Mereka bisa bullying, menakut-nakuti untuk minta uang. Mereka mengancam jika
korban melapor pada guru atau orang tua.
Sebagai
orang tua tentu tidak ada yang menginginkan anaknya menjadi korban bullying.
Bullying adalah suatu gertakan yang dilakukan oleh orang lain. Sebagaimana
ungkapan di atas bahwa beberapa anak yang terlibat dalam geng memang suka
bullying atau menggertak dengan maksud memperoleh kepuasan. Anak yang bernyali
kecil tentu akan didera rasa takut yang berlebihan.
Pada dasarnya berbagai masalah anak
telah muncul secara langsung ataupun tidak langsung. Misalnya permasalahan
semenjak anak bangun tidur telah terbawa masalah dengan pemaksaan bangun. Dilanjutkan pemaksaan makan pagi bagi yang
sulit makan. Berangkat sekolah ogah-ogahan karena punya teman yang suka
mengancam (bullying). Belum lagi menghadapi guru yang mungkin galak karena
bidang studi tertentu yang dirasa sulit. Sehingga perlakuan kasar guru juga
memperburuk keadaan. Maka kecemasan anak akan menjadi-jadi.
Setidaknya para orang tua membekali
diri pada setiap anak untuk bisa bertindak minimal melindungi diri sendiri.
Membangun rasa percaya diri pada anak. Melatih berani untuk mengungkapkan
sesuatu yang bertentangan dengan nuraninya juga minimal menghindar dari hal-hal
yang mmengancam keselamatannya.
Dukungan kepercayaan diri kepada
anak yang bernyali kecil tersebut memang sangat penting.

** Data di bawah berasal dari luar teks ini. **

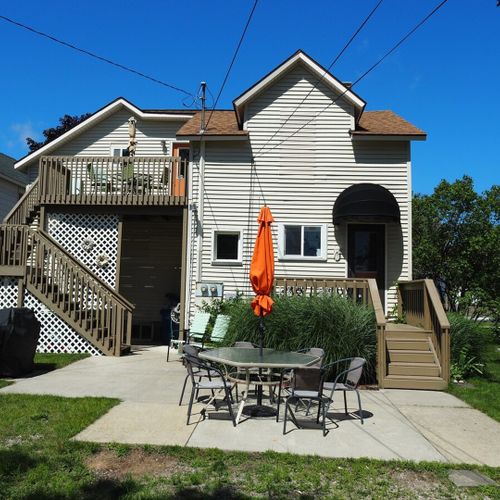 Overall:  the back of the building. The main entrance to the apartment is from the second floor deck.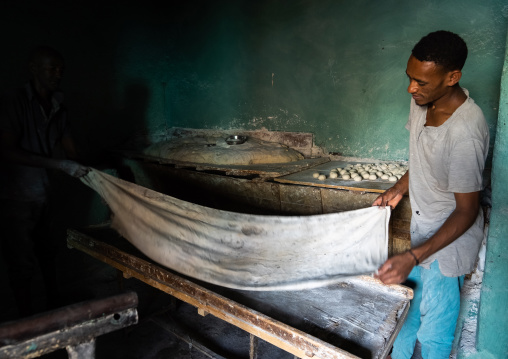 Ethiopian men working in a bakery, Harari Region, Harar, Ethiopia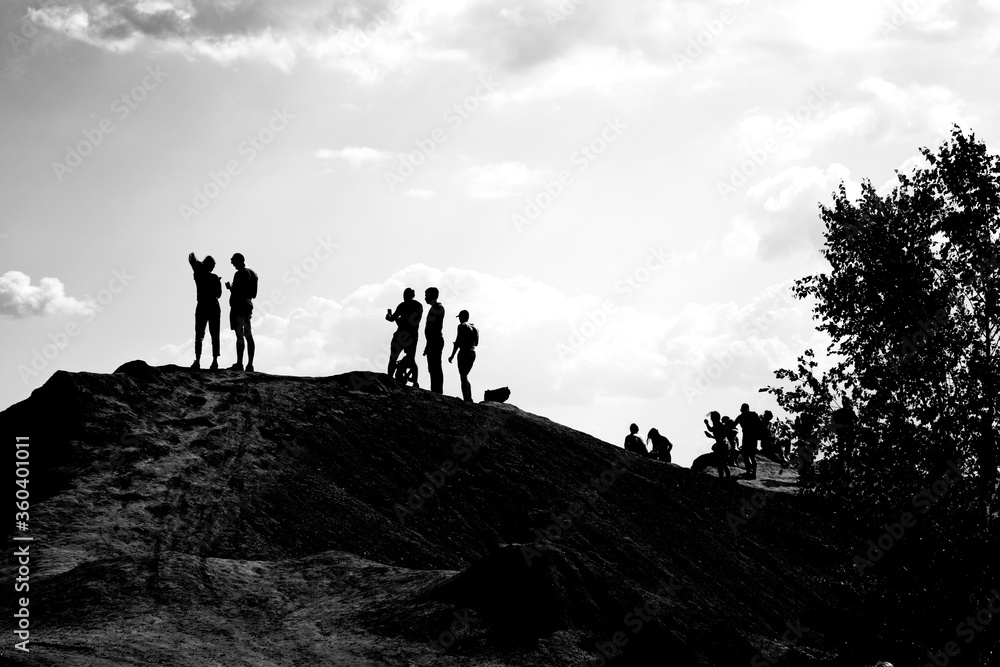 Tourists on the slope of the Romantsevsky mountains, Tula region, Russia.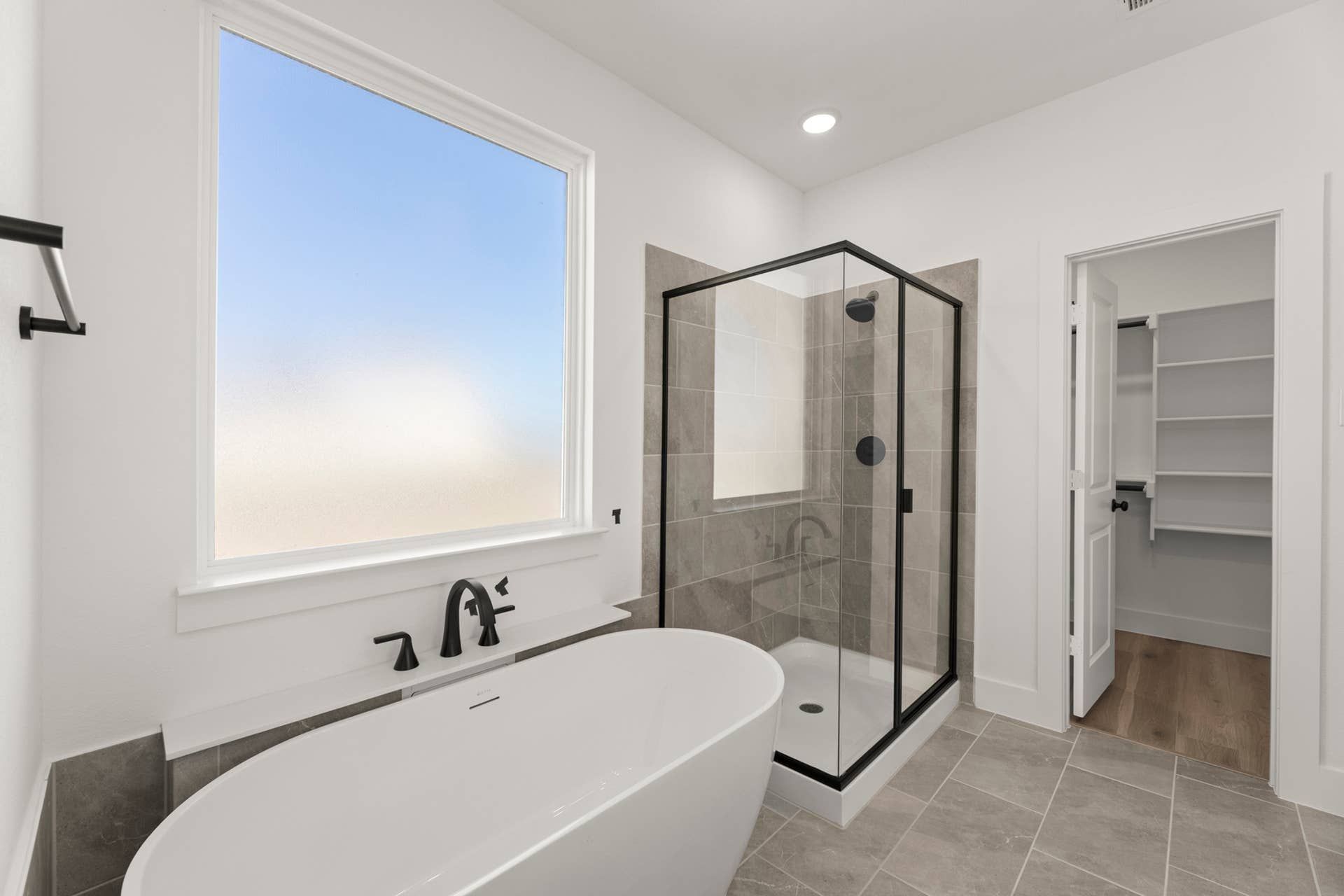 Modern bathroom with freestanding tub and glass-enclosed shower.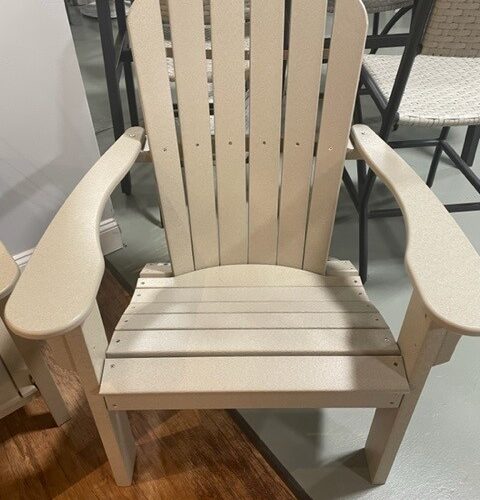 A beige adirondack chair made of plastic, positioned in an indoor Harbor View space with metal tables and chairs in the background.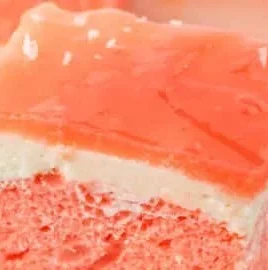 Delicious Hawaiian Guava Cake topped with fresh guava slices and whipped cream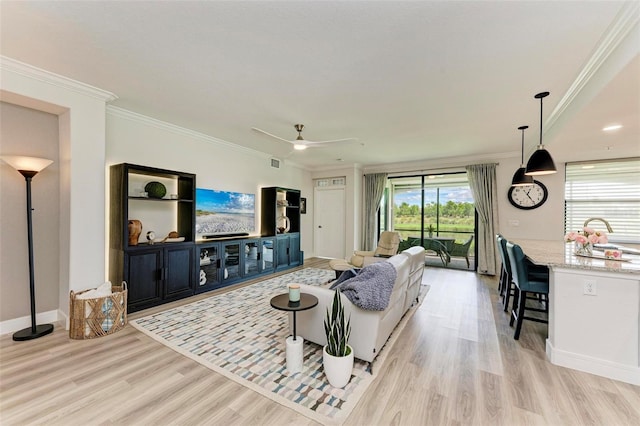 living room featuring ceiling fan, crown molding, and light hardwood / wood-style floors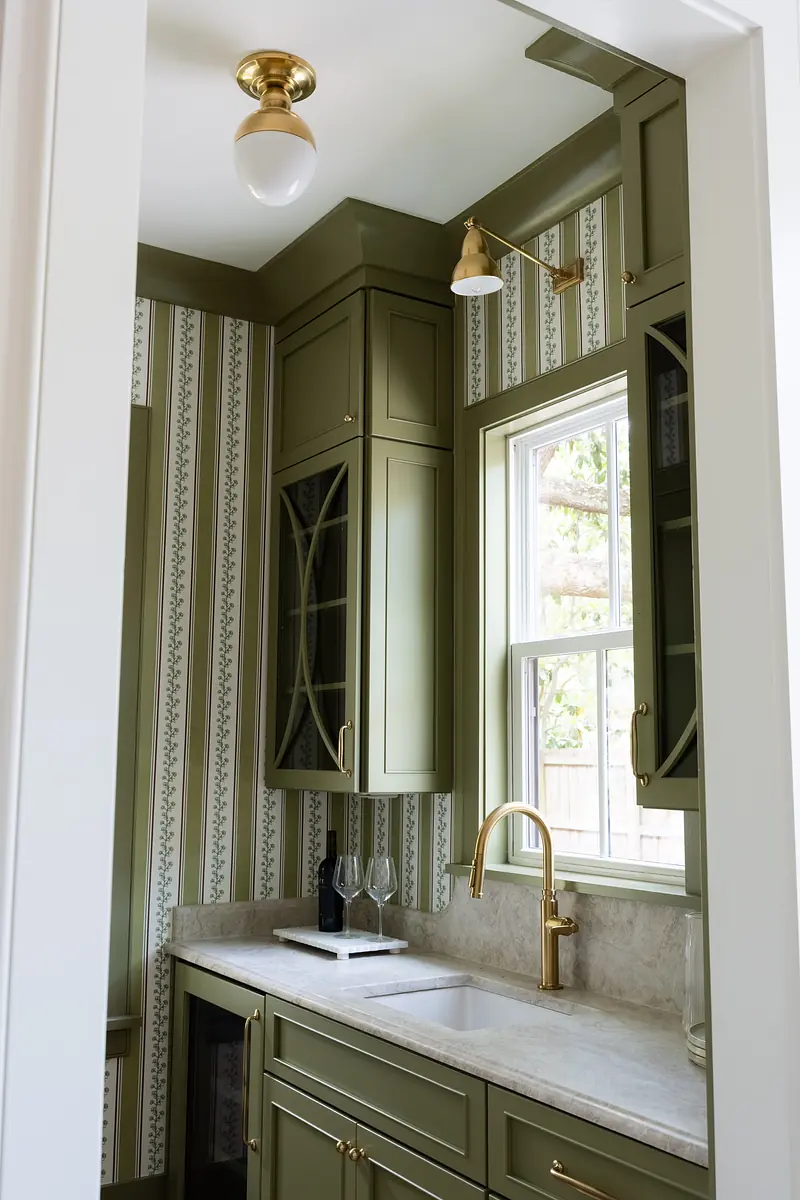 Kitchen with green cabinetry, marble countertop, gold faucet, and window with patterned wallpaper.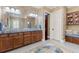Bathroom featuring double sinks, custom cabinetry, and well-lit with a large mirror at 18258 Wayne Rd, Odessa, FL 33556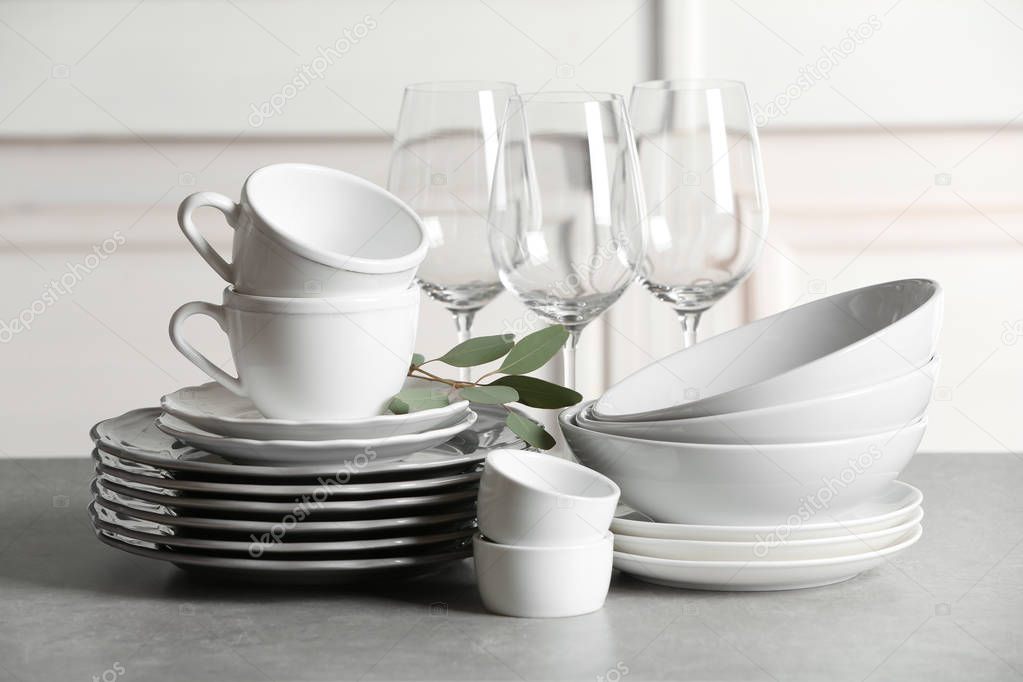 Set of clean dishes on table against blurred background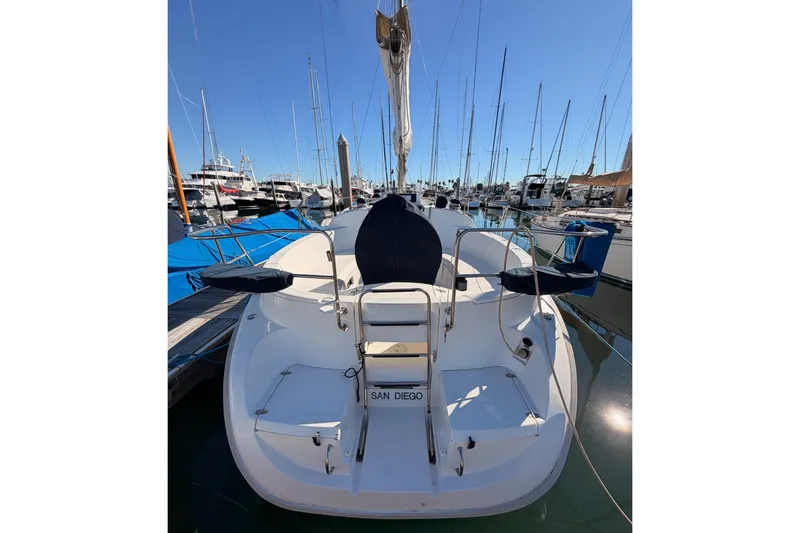 Slide: The Image of 1996 Hunter 336 sailboat docked in San Diego marina, surrounded by other boats. - 60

Apalagi jika anak hidup
dalam berbagai lingkungan. Misalnya lingkungan tetangga, lingkungan sekolah,
lingkungan les, maupun lingkungan keluarga.
Namun yang perlu orang tua pikirkan
lagi adalah jika anak ternyata bukan korban bullying tetapi justru pelaku
bullying. Hal ini tentu saja juga akan menjadi permasalahan yang juga menjadi
prioritas. Anak yang berperilaku keras telah tampak bagaimana kesehariannya
selama di rumah. Jika ada orang tua yang tidak mengetahui perkembangan anaknya
selama di rumah berarti memang orang tua tersebut sangat sibuk. Dengan berbagai
kesibukannya orang tua menyerahkan pengasuhan anak kepada asisten. Kejadian ini
membuat setiap orang tua bisa introspeksi diri apakah tugas atau amanah yang
diberikan Tuhan telah dilaksanakan dengan baik atau belum. Jika belum memang
sebaiknya orang tua membuat perubahan pola hidup dengan berbagi antara suami
dan istri untuk lebih mengintensifkan pengasuhan anak.
Dengan kedekatan hubungan anak
dengan orang tua maka akan membentuk kepercayaan diri pada anak. Anak yang
merasa selalu dalam pengawasan dan perlindungan orang tua. Anak yang selalu
mendapat bimbingan dalam bertuhan. Karena dengan pendekatan diri pada Tuhan,
akan membuat semua orang takut untuk menjalankan hal-hal yang buruk.
Dengan demikian, baik anak sebagai
korban atau pelaku bullying orang tua tetap mempunyai kewajiban untuk segera
mengatasinya. Sebelum hal tersebut berlarut-larut sampai anak menjadi dewasa.
5 Februari 2013
tulisan yang bagus...........sangat bermanfaat........salam kenal......
BalasHapusWaduhh lama baru buka kembali. Terima kasih atas atensinya. Salam kenal kembali, senang bisa komunikasi lewat blogger ini.
Hapus:( aku sedih kalau ada anak yang kena bullying dan sebel sama yang suka ngebully.
BalasHapusTapi ya gak bisa dipungkiri yang ngebully itu juga produk manusia dewasa.
Ma kasih sharignya Mak.
Iya, Mak. Sama-sama, barangkali tulisan ini bisa menjadikan kewaspadaan untuk kita semua.